# TRY IT
Print the records below from the first line through the line containing "Obraz - Modrý vták v zime (70x50 cm)", both included, word for word.
───── DATA RECORDS
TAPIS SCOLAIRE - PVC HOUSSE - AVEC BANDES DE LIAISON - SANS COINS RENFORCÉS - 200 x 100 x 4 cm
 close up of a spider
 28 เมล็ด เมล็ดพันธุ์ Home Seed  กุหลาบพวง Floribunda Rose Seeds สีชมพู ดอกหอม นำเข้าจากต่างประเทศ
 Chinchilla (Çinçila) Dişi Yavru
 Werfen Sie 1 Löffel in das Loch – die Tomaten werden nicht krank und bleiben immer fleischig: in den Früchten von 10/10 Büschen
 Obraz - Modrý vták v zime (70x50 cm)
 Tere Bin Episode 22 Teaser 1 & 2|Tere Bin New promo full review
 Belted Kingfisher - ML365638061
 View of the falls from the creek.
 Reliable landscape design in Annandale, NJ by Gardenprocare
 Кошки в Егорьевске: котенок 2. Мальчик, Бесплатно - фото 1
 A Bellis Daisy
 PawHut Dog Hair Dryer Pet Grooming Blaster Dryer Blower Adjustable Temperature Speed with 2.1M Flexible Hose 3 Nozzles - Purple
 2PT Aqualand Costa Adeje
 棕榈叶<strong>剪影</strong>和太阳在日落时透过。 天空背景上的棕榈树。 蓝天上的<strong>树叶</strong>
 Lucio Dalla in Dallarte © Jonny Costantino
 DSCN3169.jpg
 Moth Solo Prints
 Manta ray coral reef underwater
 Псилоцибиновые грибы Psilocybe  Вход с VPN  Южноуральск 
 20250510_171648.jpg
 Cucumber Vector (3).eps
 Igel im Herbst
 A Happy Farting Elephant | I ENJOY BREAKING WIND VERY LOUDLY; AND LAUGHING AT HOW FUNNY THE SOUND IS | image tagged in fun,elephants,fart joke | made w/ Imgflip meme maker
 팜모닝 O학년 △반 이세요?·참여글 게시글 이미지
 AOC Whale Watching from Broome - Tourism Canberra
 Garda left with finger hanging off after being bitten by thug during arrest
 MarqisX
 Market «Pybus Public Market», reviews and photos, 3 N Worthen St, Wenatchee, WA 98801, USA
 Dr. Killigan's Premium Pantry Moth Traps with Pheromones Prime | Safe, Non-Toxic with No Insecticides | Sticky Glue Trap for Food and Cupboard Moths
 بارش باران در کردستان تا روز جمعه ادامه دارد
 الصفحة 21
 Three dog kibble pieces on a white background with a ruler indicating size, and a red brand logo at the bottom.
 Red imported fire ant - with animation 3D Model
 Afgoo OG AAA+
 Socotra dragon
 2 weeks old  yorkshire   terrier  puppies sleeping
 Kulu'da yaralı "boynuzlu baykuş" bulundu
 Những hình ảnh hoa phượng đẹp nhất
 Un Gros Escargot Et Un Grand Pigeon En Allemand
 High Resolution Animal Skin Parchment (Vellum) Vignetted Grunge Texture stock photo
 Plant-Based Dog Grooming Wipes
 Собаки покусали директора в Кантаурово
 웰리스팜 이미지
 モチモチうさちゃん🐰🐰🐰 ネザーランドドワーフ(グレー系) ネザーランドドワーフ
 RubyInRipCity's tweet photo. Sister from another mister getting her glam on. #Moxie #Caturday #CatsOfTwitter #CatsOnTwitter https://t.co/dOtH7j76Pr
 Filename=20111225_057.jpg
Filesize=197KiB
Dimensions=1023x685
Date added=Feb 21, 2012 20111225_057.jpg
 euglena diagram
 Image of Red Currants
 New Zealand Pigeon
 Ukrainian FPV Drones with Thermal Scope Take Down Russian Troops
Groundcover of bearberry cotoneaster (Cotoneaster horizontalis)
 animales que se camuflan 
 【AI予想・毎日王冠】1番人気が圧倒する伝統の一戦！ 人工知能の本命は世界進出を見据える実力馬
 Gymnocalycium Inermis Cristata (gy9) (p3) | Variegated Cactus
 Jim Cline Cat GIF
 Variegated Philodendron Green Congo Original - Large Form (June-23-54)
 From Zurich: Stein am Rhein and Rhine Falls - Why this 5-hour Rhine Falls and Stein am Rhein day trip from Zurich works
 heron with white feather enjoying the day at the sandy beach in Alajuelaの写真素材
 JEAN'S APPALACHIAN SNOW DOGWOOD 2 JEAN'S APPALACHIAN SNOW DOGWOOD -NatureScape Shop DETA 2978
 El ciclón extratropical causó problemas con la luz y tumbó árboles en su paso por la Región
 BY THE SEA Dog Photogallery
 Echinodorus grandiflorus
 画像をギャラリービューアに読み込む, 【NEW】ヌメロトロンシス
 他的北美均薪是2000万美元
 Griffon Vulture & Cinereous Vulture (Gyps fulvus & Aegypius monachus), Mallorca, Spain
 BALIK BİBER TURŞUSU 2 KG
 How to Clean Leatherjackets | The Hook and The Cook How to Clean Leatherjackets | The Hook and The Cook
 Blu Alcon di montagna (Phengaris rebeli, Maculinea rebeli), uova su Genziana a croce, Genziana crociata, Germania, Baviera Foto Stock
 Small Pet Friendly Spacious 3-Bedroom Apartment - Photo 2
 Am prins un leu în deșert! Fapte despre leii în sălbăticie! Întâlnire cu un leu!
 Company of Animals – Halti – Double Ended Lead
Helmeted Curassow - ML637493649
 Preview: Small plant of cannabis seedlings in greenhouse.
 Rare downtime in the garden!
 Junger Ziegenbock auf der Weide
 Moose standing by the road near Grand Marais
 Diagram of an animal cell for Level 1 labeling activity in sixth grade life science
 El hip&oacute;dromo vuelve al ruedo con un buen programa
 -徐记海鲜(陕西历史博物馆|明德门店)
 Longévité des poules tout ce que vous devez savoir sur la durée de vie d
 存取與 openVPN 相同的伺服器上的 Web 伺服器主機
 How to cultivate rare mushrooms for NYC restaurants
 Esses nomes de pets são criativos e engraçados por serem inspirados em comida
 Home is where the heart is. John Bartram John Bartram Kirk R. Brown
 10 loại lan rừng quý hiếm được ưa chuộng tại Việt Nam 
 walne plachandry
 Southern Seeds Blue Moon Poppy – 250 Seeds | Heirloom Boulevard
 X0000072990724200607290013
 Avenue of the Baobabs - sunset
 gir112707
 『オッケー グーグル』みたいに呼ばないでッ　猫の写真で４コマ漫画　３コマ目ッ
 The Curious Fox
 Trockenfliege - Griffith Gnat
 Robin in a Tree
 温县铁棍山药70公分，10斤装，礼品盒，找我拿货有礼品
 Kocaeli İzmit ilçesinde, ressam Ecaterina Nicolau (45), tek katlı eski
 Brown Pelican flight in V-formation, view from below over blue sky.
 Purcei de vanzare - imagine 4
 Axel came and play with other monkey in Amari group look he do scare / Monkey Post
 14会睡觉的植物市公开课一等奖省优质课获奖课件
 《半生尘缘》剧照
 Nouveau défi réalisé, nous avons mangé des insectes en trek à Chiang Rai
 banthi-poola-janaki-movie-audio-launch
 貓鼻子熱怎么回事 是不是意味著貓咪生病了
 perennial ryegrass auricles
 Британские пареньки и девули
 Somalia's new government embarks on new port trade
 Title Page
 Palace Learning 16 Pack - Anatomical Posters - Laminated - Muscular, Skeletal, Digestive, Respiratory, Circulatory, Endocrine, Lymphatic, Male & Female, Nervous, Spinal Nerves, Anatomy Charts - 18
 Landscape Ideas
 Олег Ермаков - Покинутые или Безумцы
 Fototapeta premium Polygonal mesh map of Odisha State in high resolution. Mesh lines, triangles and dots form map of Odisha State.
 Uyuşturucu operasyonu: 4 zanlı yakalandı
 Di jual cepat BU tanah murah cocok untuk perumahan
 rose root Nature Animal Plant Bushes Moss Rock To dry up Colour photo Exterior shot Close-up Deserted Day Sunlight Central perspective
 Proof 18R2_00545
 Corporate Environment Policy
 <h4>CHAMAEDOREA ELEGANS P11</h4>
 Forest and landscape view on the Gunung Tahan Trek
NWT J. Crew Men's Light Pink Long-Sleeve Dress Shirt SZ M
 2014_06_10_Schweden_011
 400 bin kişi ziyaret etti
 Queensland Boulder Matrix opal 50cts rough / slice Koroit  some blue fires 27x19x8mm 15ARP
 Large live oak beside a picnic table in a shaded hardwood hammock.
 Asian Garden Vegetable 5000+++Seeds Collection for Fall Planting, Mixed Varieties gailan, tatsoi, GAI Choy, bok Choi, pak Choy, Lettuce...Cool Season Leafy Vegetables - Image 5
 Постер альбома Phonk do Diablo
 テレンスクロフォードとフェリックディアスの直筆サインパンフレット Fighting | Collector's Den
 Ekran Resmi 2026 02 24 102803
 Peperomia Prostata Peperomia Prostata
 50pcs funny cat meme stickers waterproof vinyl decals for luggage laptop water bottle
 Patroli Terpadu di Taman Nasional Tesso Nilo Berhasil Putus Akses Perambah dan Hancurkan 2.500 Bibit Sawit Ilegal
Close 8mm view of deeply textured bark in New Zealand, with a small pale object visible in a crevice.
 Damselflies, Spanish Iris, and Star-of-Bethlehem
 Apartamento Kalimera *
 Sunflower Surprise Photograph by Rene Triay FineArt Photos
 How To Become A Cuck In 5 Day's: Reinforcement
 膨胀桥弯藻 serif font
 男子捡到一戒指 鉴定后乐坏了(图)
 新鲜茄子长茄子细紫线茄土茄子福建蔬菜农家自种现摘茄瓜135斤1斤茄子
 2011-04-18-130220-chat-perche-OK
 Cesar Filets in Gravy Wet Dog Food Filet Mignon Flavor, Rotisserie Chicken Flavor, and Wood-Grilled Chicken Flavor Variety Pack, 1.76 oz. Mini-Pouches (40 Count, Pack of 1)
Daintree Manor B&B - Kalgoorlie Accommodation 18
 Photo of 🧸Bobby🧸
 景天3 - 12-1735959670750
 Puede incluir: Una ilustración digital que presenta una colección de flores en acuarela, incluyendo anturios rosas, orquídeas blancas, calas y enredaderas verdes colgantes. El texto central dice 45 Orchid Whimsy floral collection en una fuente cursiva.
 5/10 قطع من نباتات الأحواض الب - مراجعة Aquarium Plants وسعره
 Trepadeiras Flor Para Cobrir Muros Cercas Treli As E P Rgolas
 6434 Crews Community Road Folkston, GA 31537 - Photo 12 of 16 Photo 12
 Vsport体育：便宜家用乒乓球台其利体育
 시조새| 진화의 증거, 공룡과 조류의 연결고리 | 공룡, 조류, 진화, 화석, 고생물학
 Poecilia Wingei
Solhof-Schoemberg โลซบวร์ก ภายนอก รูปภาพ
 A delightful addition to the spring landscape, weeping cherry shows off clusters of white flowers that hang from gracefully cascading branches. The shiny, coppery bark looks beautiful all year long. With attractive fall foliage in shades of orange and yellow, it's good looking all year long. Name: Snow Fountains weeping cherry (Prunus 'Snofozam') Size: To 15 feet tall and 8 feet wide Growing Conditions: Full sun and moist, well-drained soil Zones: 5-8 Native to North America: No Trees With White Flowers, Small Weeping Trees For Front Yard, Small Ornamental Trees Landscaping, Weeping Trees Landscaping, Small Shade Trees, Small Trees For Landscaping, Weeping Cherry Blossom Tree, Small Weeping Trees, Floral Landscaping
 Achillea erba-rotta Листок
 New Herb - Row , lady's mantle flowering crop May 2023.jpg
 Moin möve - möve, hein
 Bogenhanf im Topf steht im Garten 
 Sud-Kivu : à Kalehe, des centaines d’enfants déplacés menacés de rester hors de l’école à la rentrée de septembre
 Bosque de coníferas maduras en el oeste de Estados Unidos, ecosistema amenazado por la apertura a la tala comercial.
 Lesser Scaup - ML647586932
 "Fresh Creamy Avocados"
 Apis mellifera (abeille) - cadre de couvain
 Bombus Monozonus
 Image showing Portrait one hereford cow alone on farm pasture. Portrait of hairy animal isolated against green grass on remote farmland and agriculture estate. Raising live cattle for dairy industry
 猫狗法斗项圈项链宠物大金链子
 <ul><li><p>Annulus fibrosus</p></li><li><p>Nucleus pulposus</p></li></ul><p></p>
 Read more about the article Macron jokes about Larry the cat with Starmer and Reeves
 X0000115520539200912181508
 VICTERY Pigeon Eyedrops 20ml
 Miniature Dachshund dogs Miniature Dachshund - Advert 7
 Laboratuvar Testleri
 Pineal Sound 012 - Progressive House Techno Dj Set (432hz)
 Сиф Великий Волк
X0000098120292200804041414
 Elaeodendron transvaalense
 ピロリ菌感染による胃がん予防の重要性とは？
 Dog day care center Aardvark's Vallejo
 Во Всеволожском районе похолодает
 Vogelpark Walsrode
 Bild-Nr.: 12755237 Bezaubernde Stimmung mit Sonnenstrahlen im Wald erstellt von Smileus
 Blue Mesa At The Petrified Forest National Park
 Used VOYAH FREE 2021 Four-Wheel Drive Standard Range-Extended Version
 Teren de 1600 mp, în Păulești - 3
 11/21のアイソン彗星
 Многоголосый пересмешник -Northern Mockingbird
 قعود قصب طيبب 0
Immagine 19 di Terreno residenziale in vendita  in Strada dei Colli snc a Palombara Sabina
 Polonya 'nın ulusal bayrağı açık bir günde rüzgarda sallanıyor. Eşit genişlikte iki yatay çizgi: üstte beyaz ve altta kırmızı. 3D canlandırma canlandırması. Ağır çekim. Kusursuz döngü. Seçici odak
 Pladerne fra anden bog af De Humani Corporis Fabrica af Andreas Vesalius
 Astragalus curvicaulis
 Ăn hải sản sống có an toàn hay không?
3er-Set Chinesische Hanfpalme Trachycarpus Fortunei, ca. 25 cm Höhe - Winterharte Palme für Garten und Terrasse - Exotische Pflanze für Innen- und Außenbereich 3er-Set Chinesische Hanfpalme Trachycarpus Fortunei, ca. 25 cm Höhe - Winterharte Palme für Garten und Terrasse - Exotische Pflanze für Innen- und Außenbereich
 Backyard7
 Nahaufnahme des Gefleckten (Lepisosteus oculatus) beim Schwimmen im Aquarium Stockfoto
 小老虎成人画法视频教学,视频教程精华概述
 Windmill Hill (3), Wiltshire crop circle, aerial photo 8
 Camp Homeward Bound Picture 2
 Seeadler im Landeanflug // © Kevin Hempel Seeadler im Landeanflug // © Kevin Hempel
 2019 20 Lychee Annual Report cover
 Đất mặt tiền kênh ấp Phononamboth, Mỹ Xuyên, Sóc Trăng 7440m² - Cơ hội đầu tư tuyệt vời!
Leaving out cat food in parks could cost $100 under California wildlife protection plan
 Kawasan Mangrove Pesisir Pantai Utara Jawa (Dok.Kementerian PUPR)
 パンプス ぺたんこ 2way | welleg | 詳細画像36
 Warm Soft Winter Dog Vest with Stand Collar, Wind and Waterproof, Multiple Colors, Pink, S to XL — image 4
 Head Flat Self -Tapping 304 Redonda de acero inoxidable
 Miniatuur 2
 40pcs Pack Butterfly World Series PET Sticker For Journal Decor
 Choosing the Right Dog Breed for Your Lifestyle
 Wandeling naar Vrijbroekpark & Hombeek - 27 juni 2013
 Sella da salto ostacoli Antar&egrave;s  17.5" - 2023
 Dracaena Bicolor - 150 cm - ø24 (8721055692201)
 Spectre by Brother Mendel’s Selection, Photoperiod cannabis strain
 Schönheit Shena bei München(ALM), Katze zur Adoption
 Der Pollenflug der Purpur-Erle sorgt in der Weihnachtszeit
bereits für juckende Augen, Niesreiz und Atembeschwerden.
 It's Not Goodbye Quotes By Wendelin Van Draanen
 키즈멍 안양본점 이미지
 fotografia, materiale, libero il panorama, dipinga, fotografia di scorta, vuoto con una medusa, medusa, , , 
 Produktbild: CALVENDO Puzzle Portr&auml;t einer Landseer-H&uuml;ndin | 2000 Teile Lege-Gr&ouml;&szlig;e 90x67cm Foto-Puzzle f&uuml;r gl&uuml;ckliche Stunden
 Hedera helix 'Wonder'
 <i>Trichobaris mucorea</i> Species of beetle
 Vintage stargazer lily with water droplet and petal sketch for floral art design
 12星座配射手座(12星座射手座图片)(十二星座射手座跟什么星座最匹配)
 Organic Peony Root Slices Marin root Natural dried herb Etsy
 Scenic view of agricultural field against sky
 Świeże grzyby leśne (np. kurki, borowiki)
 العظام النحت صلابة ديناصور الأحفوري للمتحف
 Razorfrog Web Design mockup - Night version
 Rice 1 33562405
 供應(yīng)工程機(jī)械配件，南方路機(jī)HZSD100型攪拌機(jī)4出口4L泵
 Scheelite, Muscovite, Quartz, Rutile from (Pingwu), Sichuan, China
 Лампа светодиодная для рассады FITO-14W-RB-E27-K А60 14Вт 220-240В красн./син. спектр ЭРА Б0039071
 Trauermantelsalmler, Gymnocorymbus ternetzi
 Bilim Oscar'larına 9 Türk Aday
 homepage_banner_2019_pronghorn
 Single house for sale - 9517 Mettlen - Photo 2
──────────
# EXPECTED ANSWER
TAPIS SCOLAIRE - PVC HOUSSE - AVEC BANDES DE LIAISON - SANS COINS RENFORCÉS - 200 x 100 x 4 cm
 close up of a spider
 28 เมล็ด เมล็ดพันธุ์ Home Seed  กุหลาบพวง Floribunda Rose Seeds สีชมพู ดอกหอม นำเข้าจากต่างประเทศ
 Chinchilla (Çinçila) Dişi Yavru
 Werfen Sie 1 Löffel in das Loch – die Tomaten werden nicht krank und bleiben immer fleischig: in den Früchten von 10/10 Büschen
 Obraz - Modrý vták v zime (70x50 cm)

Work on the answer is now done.